Problem:
Your response to the data below should hold nothing except the lines from the one containing "For example, creating" down to the one containing "Today I was", reproduced exactly and without pictures.

Dataset entries:
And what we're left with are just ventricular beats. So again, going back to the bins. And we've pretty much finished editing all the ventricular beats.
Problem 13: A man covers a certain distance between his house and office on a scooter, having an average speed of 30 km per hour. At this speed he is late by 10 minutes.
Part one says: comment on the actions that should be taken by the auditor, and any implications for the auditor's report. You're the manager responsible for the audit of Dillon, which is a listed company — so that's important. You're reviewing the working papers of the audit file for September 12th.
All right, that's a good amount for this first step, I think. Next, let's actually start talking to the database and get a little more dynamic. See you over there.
...
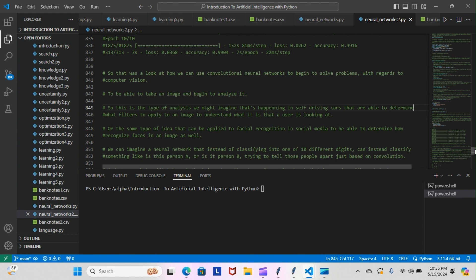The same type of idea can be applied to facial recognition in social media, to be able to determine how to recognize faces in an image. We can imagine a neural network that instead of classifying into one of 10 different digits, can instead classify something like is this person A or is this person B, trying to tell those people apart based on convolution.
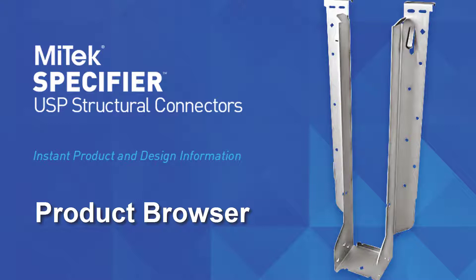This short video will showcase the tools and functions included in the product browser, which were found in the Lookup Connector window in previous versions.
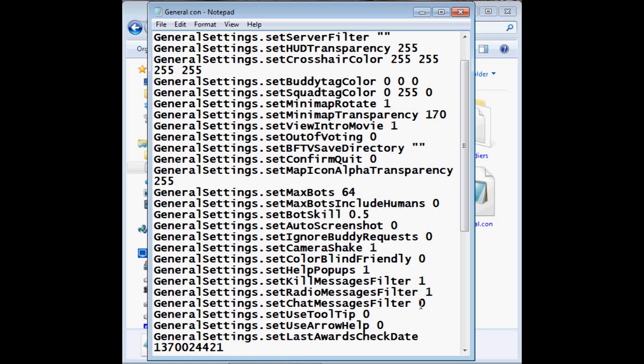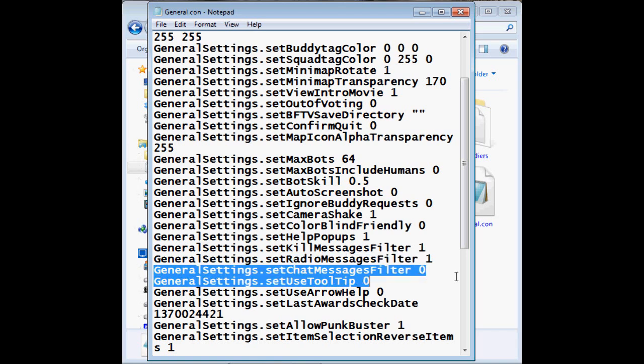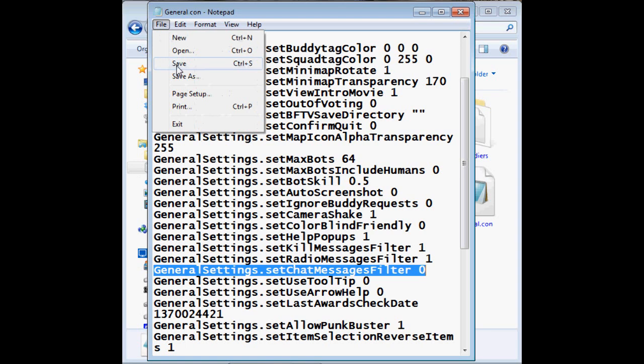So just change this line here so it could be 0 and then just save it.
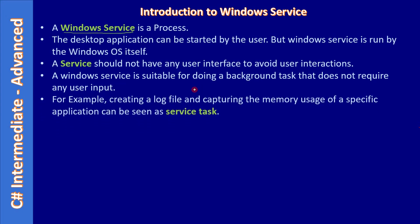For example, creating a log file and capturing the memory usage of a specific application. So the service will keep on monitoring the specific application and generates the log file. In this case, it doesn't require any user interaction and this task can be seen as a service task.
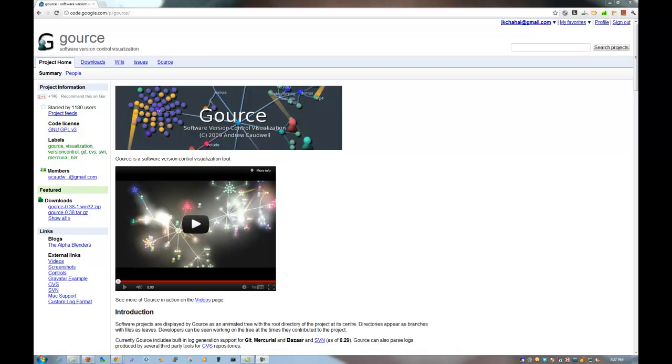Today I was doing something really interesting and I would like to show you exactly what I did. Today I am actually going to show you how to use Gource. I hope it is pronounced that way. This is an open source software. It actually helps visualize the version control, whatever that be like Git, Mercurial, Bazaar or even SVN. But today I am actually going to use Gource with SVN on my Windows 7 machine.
--
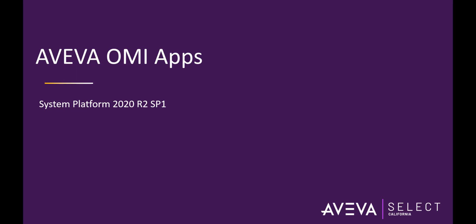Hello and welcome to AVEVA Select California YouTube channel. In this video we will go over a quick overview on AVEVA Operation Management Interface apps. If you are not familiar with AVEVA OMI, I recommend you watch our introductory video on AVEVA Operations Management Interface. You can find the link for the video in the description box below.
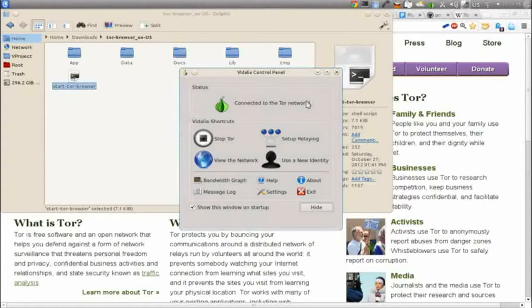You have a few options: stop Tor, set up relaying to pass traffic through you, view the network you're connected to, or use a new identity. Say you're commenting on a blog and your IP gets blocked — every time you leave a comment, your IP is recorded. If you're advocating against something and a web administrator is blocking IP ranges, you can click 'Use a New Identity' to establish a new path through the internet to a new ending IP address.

Response for this exercise:
For example, creating a log file and capturing the memory usage of a specific application. So the service will keep on monitoring the specific application and generates the log file. In this case, it doesn't require any user interaction and this task can be seen as a service task.
Today I was doing something really interesting and I would like to show you exactly what I did. Today I am actually going to show you how to use Gource. I hope it is pronounced that way. This is an open source software. It actually helps visualize the version control, whatever that be like Git, Mercurial, Bazaar or even SVN. But today I am actually going to use Gource with SVN on my Windows 7 machine.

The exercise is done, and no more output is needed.